Where did he get that idea from?

The idea is not in the Old Testament. No one is baptized there. There is the concept of going through water, but it certainly is not of repentance for the remission of sins. When the people came to John to get baptized, in his preaching, he used terminology which pointed back to the Flood and the waters of the flood: “Who warned you to flee from the coming wrath?” But in the Flood, those who were saved, Noah’s family, were neither immersed nor sprinkled; it was the unbelieving world that was really baptized.
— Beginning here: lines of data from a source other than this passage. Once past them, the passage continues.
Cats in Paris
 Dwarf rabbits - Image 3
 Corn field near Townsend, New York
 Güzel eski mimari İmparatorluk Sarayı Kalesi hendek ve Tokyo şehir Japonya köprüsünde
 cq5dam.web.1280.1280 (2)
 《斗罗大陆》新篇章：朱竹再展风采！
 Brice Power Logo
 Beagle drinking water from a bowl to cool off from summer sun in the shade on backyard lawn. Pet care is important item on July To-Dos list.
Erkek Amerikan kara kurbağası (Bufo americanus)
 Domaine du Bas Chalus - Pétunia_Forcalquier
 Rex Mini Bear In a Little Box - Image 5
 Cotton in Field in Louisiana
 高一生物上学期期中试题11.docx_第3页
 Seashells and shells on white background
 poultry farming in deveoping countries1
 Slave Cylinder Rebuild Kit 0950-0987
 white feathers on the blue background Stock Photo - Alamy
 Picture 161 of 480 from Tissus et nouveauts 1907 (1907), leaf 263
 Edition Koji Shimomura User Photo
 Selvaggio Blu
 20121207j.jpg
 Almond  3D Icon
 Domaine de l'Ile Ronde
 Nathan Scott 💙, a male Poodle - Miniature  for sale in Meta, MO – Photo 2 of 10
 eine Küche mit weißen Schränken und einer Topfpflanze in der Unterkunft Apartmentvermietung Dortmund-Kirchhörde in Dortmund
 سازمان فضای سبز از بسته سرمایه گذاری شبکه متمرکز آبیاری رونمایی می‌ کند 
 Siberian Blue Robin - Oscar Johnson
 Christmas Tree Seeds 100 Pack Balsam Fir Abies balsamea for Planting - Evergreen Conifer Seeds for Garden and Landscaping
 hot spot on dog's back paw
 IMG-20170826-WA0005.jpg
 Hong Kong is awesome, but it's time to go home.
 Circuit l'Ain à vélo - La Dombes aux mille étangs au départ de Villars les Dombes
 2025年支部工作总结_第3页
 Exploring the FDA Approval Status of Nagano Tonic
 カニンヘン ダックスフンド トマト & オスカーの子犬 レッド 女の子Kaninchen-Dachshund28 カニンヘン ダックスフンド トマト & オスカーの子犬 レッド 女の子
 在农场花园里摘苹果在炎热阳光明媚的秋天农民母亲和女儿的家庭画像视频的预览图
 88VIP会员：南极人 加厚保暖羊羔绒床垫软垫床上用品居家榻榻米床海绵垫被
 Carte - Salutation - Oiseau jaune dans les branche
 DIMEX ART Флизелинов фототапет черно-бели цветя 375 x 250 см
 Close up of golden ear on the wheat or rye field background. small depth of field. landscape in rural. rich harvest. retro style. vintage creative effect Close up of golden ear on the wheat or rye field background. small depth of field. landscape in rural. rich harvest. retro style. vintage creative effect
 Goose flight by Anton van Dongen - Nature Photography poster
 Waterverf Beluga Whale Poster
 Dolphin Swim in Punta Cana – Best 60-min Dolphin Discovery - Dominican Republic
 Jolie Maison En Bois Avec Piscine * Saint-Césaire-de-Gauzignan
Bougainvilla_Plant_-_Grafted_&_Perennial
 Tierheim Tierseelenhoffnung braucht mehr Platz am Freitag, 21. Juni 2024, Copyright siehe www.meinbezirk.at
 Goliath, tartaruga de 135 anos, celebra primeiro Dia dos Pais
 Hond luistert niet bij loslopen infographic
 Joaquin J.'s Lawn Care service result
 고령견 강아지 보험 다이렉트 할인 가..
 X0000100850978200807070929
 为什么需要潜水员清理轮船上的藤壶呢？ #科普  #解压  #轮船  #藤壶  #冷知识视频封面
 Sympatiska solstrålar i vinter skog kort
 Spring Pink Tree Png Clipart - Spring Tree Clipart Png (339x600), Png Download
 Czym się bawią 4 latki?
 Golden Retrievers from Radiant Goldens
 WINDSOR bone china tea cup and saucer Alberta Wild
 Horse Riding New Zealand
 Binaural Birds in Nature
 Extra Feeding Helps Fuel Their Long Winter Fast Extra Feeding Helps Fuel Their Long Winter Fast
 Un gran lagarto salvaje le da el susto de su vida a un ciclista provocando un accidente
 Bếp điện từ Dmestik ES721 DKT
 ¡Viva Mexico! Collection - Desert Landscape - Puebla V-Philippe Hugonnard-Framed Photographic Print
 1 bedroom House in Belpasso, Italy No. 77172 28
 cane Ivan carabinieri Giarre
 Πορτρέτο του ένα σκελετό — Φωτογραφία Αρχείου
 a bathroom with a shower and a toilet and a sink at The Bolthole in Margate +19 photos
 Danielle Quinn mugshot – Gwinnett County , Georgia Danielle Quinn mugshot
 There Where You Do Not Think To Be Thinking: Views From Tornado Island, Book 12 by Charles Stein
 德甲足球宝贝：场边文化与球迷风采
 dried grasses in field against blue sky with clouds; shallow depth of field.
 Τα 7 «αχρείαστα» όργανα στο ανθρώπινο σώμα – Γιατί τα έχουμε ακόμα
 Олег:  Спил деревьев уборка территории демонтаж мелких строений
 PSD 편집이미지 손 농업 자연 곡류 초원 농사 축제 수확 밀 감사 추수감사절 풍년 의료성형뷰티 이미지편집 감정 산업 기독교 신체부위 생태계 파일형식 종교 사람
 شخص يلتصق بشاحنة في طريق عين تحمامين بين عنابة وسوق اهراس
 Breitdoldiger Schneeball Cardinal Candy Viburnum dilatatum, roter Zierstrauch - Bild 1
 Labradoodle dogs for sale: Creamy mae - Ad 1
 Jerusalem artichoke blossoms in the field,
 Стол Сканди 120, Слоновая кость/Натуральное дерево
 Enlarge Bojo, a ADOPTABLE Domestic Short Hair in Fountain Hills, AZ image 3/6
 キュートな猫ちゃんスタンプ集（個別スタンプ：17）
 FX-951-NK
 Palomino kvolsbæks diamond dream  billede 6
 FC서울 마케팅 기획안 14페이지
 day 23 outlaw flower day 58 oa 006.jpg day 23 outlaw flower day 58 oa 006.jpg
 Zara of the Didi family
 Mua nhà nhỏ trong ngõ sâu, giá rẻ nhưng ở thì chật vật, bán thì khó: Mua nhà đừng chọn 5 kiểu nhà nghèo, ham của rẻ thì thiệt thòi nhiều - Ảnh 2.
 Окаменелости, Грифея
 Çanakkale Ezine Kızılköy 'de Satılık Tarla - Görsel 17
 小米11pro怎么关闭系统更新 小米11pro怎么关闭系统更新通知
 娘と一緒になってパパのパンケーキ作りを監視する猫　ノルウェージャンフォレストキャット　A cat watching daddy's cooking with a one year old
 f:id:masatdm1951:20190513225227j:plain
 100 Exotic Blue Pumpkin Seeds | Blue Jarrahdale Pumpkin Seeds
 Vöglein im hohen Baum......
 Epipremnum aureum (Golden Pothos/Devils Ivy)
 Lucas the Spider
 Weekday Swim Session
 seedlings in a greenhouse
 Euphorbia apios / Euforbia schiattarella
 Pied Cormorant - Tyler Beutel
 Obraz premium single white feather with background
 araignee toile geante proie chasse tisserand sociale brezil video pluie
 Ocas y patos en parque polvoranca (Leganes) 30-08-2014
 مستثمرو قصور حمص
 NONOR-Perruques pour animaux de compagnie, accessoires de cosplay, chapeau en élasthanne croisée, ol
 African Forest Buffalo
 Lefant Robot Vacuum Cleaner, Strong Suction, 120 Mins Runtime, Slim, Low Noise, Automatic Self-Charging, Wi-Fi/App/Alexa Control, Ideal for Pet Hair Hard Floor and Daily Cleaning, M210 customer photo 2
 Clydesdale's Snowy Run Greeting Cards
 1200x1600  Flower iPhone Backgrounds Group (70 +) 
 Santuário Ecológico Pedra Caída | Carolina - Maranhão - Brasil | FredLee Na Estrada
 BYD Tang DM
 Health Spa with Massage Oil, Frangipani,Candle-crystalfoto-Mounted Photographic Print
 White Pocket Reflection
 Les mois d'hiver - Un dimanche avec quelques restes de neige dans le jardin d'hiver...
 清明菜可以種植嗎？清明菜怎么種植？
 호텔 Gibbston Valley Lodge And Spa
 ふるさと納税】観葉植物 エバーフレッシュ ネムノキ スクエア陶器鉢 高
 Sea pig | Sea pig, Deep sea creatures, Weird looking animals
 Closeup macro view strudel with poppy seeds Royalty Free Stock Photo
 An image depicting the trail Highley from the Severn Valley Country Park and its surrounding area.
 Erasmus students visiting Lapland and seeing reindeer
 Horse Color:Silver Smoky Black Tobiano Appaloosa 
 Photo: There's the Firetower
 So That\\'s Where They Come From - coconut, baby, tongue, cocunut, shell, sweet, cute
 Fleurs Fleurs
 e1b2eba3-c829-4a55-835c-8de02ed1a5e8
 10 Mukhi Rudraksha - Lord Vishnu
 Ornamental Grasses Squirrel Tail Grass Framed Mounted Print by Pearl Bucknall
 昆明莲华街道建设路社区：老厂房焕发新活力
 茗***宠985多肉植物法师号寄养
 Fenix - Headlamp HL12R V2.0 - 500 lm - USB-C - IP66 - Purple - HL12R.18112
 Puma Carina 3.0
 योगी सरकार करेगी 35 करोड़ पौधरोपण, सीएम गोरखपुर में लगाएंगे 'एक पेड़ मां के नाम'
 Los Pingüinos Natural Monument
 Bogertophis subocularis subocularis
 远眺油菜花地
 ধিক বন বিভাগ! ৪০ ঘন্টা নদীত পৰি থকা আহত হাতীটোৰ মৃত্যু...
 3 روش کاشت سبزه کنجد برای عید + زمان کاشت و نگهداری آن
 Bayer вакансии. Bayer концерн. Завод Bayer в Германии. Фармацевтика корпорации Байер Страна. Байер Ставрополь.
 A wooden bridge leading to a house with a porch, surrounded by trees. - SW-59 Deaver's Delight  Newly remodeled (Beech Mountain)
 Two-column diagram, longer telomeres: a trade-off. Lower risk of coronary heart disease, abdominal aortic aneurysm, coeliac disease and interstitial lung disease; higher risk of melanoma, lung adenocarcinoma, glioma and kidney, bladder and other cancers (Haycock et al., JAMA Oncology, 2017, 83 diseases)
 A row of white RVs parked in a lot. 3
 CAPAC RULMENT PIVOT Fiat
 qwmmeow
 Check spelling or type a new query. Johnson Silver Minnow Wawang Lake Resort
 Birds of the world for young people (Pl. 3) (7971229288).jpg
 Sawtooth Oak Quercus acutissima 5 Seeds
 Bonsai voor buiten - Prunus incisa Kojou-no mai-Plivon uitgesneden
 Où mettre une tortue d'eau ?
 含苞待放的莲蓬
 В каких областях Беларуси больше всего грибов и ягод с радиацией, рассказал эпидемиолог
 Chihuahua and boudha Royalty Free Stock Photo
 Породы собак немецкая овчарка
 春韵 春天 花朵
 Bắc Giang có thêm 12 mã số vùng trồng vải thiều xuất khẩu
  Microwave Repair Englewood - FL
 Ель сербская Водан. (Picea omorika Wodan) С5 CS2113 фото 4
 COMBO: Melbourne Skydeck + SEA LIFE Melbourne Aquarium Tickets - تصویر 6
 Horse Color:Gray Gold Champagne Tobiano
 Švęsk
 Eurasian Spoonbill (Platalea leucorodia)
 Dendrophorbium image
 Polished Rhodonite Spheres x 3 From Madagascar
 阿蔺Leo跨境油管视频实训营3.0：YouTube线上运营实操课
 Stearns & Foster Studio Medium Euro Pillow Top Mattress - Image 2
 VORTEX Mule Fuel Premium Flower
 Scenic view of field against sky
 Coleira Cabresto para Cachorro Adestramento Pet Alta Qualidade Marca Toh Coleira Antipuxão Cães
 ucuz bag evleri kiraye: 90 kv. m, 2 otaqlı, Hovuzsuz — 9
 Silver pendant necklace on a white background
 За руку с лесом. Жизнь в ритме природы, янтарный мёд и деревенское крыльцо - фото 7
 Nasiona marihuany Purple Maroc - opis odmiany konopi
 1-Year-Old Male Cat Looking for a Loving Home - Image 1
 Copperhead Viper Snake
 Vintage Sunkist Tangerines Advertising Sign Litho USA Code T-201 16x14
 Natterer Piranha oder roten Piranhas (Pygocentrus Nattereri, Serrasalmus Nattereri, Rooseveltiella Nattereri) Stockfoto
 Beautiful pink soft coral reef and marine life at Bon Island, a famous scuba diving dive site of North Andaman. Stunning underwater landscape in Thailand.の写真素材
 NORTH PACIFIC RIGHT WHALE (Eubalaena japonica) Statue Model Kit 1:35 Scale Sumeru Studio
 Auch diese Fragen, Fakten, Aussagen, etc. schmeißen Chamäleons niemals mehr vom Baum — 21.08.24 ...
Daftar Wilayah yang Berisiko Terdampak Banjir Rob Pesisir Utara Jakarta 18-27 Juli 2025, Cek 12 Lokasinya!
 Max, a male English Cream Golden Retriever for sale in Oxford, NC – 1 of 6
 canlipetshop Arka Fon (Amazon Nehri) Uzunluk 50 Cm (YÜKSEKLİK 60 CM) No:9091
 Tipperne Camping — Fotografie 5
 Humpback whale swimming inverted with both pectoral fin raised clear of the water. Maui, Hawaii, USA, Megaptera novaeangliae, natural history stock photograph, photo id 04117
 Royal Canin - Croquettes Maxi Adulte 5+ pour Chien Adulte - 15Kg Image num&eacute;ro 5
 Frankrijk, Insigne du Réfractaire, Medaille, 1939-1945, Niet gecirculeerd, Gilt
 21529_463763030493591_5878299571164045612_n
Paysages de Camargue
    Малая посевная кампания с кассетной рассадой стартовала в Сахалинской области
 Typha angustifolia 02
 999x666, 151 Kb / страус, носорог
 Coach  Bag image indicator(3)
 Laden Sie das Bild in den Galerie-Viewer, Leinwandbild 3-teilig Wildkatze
In the same way, when Paul speaks about an OT baptism, Moses baptizing the Israelites in the sea, in 1 Cor. 10:2, the word applies to people who were neither immersed nor sprinkled; Exodus 14:22 specifically says that they “went through the sea on dry ground.” It was the Egyptian army that was properly baptized, if we take the literal meaning of the word. Obviously, the NT doctrine of baptism is not so awfully concerned about the literal meaning of the word baptizo, that is, immerse. To add insult to the injury, it’s not so concerned about the literal application of water either. Thus, at least part of the modern argument between immersion and sprinkling is irrelevant. We argue about the exact physical form of a symbol, when we have missed the real meaning behind that symbol. We have strained out a gnat, while we have swallowed a herd of camels.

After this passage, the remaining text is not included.